Teria Macron falado sério ou não? O assunto esfriou mas acredita-se que as noites estejam cada vez mais tenebrosas em Washington. Será que o Pentágono e o Complexo Militar Industrial norte-americano irá pagar para ver a rendição de sua maior aliança para o crescente poder sino-russo e sua histórica aliança Euroasiática? Não sabemos as respostas para estas perguntas mas sabemos que fatos estranhos acontecem no interior das engrenagens do poder global. Alguns chegam a se perguntar se Macron não está agora, no famigerado “Caso Nahel”, enfrentando uma Guerra Híbrida. A Guerra Híbrida ou “Revolução Colorida” é a doutrina dominante do Pentágono para remover governos indigestos e indisciplinados, é um modelo sofisticado de Golpe de Estado para fins de câmbio de regime do qual nós brasileiros, inclusive, conhecemos bem pois temos visto este “filme” em nosso país desde Junho de 2013, assim como quase toda a nossa vizinhança continental.
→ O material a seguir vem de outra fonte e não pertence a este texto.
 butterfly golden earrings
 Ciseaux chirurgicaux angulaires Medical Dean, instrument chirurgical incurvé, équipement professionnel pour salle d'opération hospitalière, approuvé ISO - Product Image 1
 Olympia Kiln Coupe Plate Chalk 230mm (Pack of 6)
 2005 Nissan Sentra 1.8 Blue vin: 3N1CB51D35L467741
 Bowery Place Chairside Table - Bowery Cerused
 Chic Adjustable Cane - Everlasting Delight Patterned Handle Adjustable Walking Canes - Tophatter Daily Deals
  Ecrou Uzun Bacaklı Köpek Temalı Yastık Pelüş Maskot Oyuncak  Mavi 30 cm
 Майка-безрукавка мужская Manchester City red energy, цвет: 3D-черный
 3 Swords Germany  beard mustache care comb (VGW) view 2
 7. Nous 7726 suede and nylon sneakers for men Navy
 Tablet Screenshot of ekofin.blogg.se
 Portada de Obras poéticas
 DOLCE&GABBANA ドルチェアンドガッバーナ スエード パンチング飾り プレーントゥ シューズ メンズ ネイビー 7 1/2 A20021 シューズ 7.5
Macron vítima de uma Guerra Híbrida até pouquíssimo tempo atrás pareceria muito longe do radar de qualquer analista e tal afirmação seria considerada uma alucinação total e completa. Entretanto, o grau de crise está em patamares cada vez mais chamativos e fatos insólitos como esses não podem ser vistos como uma surpresa. Macron e sua obediência aos banqueiros e a Washington durarão por toda a eternidade? Óbvio que não, em especial porque a Rússia aposta no prolongamento da Guerra da Ucrânia justamente para acelerar a implosão da Europa Ocidental. Estaria Washington buscando alternativas mais agressivas na França para impedir a rendição da Europa diante de Rússia e China? As respostas para estas dúvidas só virão com o tempo. O que temos certeza, entretanto, é que estamos testemunhando o dissolução da Ordem do Capital como o conhecemos no Pós-2ª Guerra Mundial.